If you're one of the several hundred thousand U.S. taxpayers who the IRS deems to have a "seriously delinquent" tax debt, be warned: Your U.S. passport may be in jeopardy.
In 2015, President Barack Obama signed into law the Fixing America's Surface Transportation Act, or FAST Act. It requires the U.S. State Department to deny renewal of -- and even revoke -- the passports of individuals who the IRS identifies as having delinquent tax debts.
The tax agency recently provided new details on its enforcement of the FAST Act, stating it's in the process of sending the names of at least 362,000 individuals who owe $51,000 or more in delinquent taxes. According to an IRS spokesperson, it will send the names to the State Department in batches, and it expects to have sent the entire list by year-end.

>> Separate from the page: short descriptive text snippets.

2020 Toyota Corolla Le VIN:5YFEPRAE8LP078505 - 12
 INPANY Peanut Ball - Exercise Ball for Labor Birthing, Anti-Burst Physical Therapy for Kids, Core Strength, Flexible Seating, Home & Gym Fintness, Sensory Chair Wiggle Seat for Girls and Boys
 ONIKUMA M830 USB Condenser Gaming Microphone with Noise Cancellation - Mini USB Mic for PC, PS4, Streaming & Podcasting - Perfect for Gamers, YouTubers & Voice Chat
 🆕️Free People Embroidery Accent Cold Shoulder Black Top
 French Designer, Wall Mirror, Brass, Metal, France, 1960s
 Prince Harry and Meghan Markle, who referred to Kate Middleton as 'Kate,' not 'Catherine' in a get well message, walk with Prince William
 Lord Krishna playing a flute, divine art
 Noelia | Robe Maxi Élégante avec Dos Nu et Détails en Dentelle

According to recent reports, the enforcement actions taken to date have already had an impact. The State Department confirmed it has denied passports to an undisclosed number of tax debtors. The IRS confirmed that it has collected over $11.5 million from 220 individuals, with one debtor paying over $1 million to avoid passport denial.
The specifics of how the enforcement of the law works are spelled out in a section of the FAST Act titled Revocation or Denial of Passport in Case of Certain Tax Delinquencies. The IRS said for now authorities are denying renewal of passports rather than revoking them. But the law does allow the State Department to cancel current passports of tax debtors.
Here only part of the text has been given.